Раннее утро в сосновом бору. Воздух чистый, пахнет хвоей и весенней свежестью. В ухоженном саду, где уже буйно цвела сирень и благоухали пионы, на удобной садовой скамейке сидел пожилой мужчина. Он выглядел совсем иначе: здоровый румянец на щеках, которые округлились, новая, добротная куртка, аккуратная стрижка. В его глазах больше не было прежней безнадеги, в них светился покой. Рядом с ним, положив тяжелую голову на колени, дремал огромный, лоснящийся пес. Его серая шерсть блестела на солнце, а на боках играли мышцы. Это был Лорд.
К скамейке подошел Виктор. Он тоже изменился: исчезли тени под глазами, в уголках губ затаилась улыбка.

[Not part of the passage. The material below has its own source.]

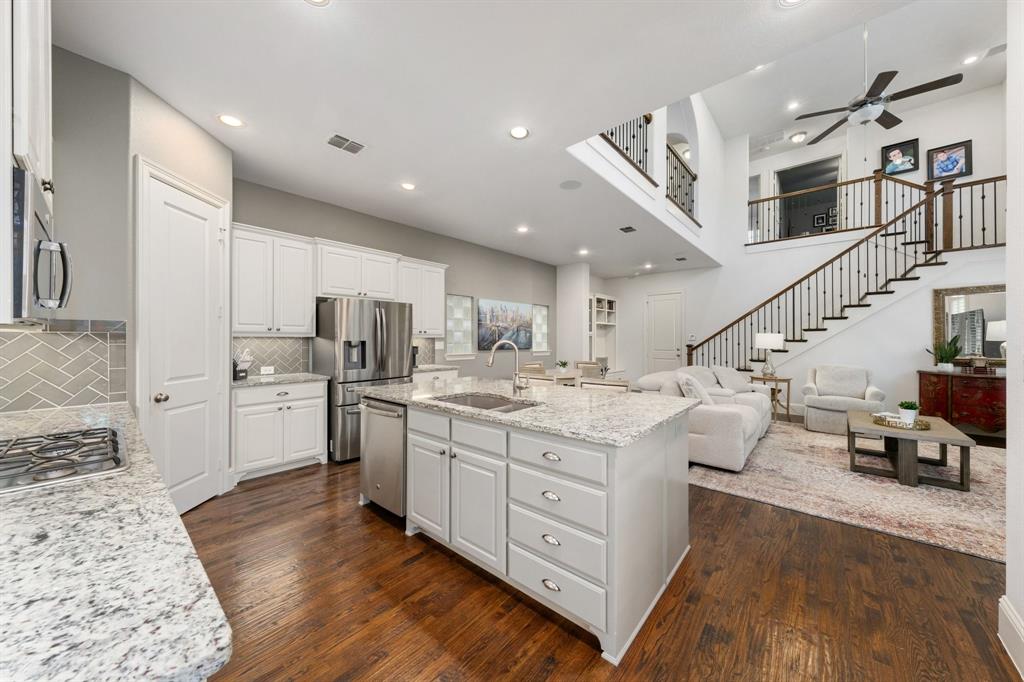 Lakeside Ph Two - Residential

— Матвей Ильич, завтрак накрыли. Пойдемте в дом? Повариха ваша блины со сметаной приготовила.
— Сейчас, Витя, сейчас. Досидим минутку. Солнышко больно хорошее сегодня. Как у Верочки на родине, в деревне.
Матвей погладил пса по шелковистой голове.
— Кто бы мог подумать, Лорд, — прошептал он, чтобы слышал только пес, — что одна паршивая сосиска может так жизнь повернуть.
Пес открыл янтарный глаз, сладко зевнул, обнажив белые клыки, и благодарно лизнул старика в морщинистую руку.
Они не знали, что судьба наблюдала за ними тогда, у грязной теплотрассы. Но теперь Матвей точно знал: добро — это единственная валюта, которая никогда не обесценивается. И иногда, отдавая последнее, ты приобретаешь целый мир. Мир, в котором есть тепло, дружба и тарелка горячих блинов.